The Only Constant Is Change: Use of ‘Anticipatory Contracting’ in Real Estate Restructuring Deals
Thursday, December 1, 2022

In life (as in business), as Heraclitus said, “the only constant is change.” In today’s fast-paced economy, this axiom should be kept in mind during contract negotiations, especially in a bear market. 

Case law can be ambiguous, as it is constantly evolving and adapting to new situations, insights, and practices. COVID-19 may have been an unforeseen circumstance in leases (link in Dutch) (giving the tenant the right to demand rent deduction), but the same may not apply to a real estate investor who wants to renegotiate a purchase price. Whether COVID-19 is an unforeseen circumstance in a sale and purchase agreement (SPA) is yet unclear.

Therefore, present market circumstances call for “Anticipatory Contracting”, i.e., anticipating business risks, providing legal solutions during negotiations, identifying problems before they arise, and not relying on templates.

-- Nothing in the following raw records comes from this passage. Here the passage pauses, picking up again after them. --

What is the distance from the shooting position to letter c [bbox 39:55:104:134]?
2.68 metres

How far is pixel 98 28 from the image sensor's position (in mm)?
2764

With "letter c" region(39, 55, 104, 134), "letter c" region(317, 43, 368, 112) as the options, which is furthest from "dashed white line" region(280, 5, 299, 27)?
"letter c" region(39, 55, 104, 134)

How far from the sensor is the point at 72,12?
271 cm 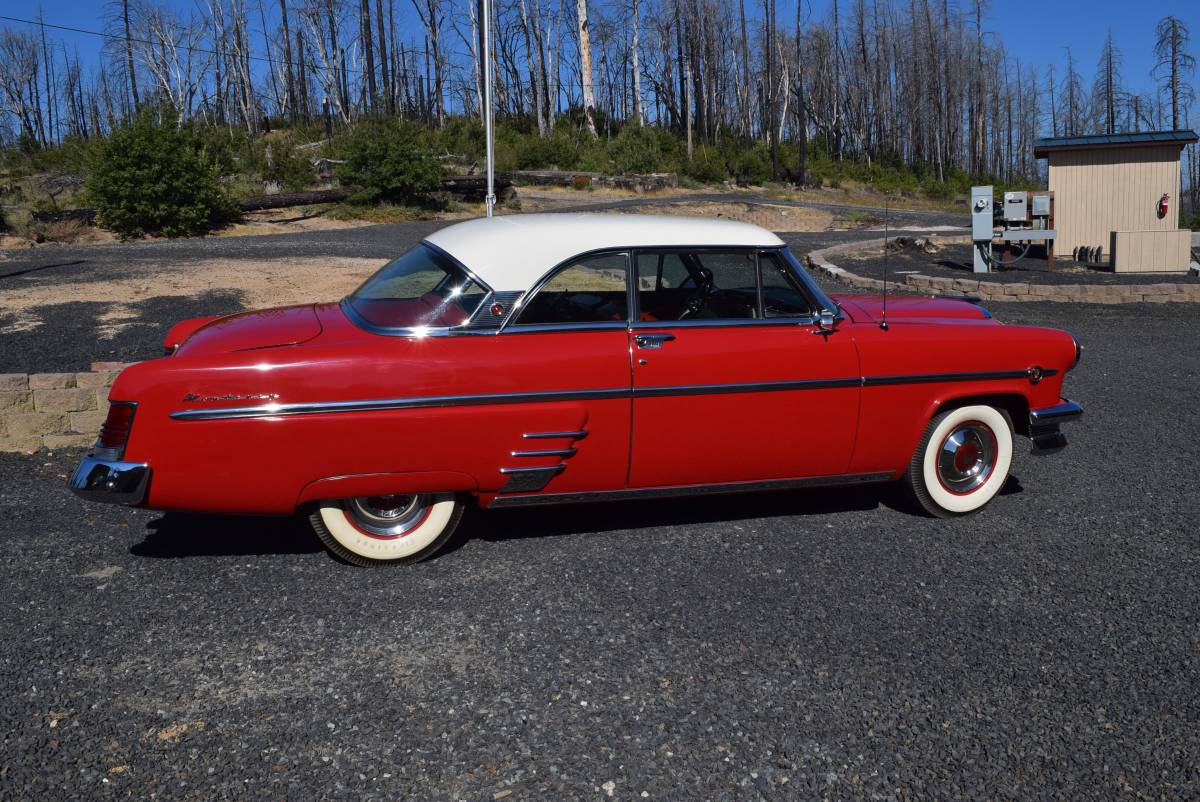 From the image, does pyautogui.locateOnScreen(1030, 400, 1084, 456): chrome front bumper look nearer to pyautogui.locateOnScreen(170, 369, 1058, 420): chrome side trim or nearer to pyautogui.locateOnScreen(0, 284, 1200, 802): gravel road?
pyautogui.locateOnScreen(170, 369, 1058, 420): chrome side trim

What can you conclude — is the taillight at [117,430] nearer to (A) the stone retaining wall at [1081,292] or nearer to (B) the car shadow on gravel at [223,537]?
(B) the car shadow on gravel at [223,537]

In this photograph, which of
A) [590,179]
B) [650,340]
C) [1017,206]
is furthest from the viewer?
[590,179]

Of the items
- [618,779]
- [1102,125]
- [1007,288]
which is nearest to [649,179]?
[1007,288]

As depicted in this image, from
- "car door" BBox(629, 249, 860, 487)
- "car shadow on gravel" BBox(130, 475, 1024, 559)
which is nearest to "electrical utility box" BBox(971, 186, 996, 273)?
"car shadow on gravel" BBox(130, 475, 1024, 559)

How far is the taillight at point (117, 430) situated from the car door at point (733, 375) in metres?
2.06

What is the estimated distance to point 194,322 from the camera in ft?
16.5

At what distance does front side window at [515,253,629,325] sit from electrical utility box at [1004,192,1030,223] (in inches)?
578

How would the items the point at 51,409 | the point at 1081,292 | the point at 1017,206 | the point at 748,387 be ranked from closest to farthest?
the point at 748,387
the point at 51,409
the point at 1081,292
the point at 1017,206

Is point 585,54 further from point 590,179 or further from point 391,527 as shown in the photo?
point 391,527

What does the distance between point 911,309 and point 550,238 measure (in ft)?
6.68

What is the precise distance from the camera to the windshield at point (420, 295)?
427cm

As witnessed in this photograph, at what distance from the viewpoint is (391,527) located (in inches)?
173

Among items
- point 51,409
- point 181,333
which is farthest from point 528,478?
point 51,409

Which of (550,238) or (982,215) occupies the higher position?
(982,215)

Businesses should constantly assess and reassess the contractual risk-allocation (or lack thereof) during negotiations. We’ve seen a seller’s market changing into a buyer’s market almost overnight, between signing of the letter of intent (LOI) and signing of the SPA. Be conscious of that. And when one does commit – be it via an LOI or a more binding contract – exposure should be hedged before committing. Dated templates used in previous transactions may not cover all eventualities. 

Here are three concepts to consider in this respect: 

  1. Material Adverse Change clause (MAC clause): not all SPA templates in the Dutch Real Estate industry contain a MAC clause, use of which may provide a general safety net for parties who want to allocate the risks presented by negative business or economic developments that occur between the signing and closing of an agreement. But a MAC clause is a double-edged sword, as the other party may use it to get out of the deal. 

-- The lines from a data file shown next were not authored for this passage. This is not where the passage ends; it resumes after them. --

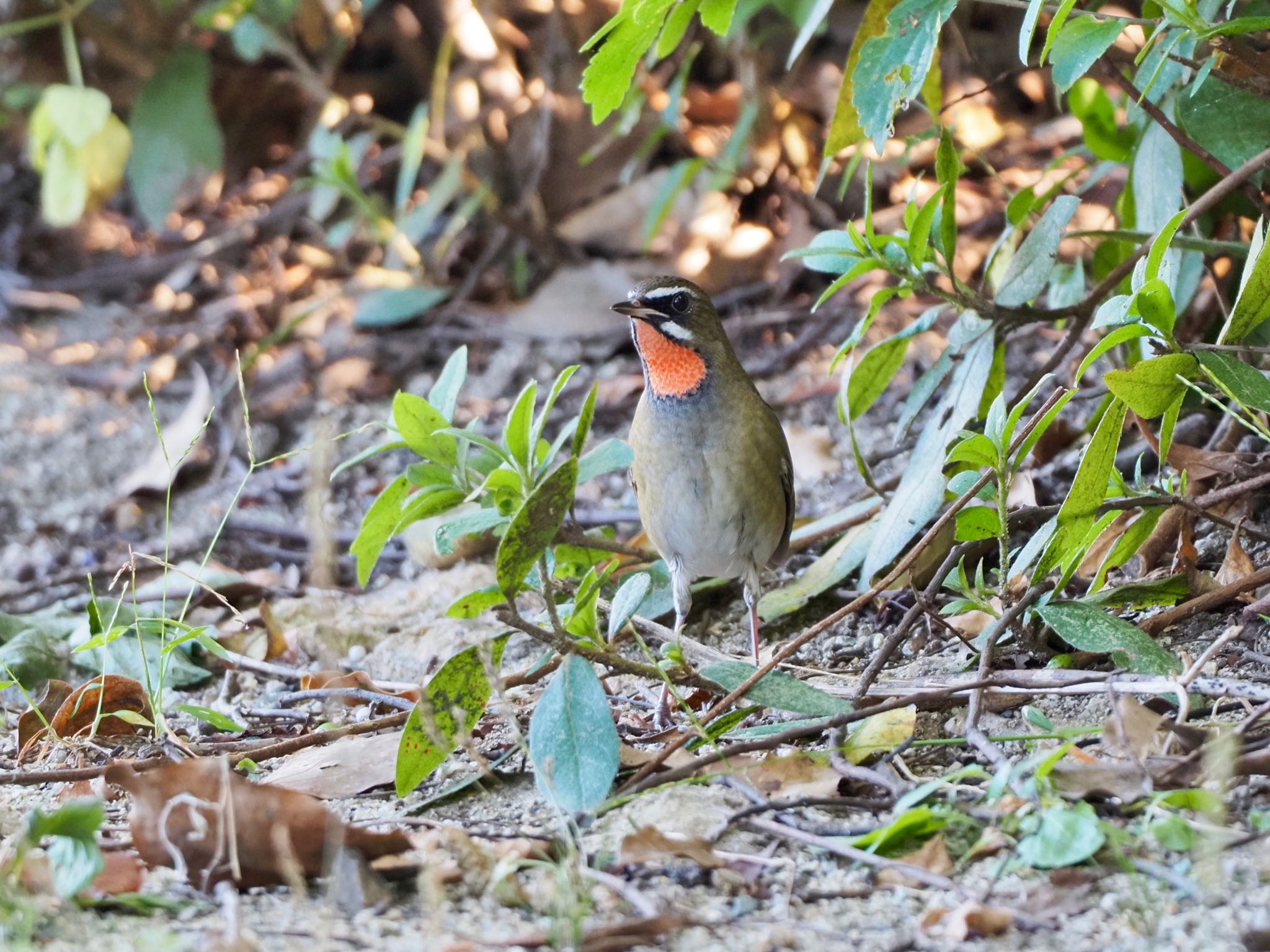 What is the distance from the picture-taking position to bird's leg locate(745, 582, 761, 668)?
14.9 ft

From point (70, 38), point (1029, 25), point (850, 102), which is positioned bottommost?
point (850, 102)

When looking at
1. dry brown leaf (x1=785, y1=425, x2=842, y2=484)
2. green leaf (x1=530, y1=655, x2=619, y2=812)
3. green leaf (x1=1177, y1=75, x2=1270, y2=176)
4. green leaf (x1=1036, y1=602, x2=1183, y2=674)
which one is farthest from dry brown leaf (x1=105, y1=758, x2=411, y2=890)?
dry brown leaf (x1=785, y1=425, x2=842, y2=484)

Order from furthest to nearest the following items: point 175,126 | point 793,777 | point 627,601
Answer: point 175,126
point 627,601
point 793,777

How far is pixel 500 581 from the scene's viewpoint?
10.0 feet

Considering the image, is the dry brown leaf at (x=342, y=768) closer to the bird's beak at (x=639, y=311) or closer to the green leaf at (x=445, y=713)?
the green leaf at (x=445, y=713)

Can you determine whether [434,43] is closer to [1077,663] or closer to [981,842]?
[1077,663]

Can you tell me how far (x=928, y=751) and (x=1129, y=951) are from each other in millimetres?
998

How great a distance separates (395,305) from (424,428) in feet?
13.5

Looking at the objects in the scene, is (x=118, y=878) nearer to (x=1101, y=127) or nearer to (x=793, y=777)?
(x=793, y=777)

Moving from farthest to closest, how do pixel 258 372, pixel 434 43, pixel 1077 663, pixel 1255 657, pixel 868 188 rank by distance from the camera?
pixel 434 43, pixel 258 372, pixel 868 188, pixel 1077 663, pixel 1255 657

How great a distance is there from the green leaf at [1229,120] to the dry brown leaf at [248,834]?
2.93 metres

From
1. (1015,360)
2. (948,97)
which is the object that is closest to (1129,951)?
(1015,360)

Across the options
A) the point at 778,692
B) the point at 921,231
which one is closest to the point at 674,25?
the point at 921,231

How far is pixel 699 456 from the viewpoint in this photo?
4645mm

  2. Stipulate specific situations that do not qualify as legal grounds for either party to abort the transaction or change the conditions. 

  3. Consider hedging or insuring certain foreseeable risks, such as interest rates and building costs. Liabilities can be insured (W&I insurance). And M&A insurance advisors/brokers can advise how to structure securing insurance. The financial and insurance products available today are sophisticated and geared to real estate industry demands.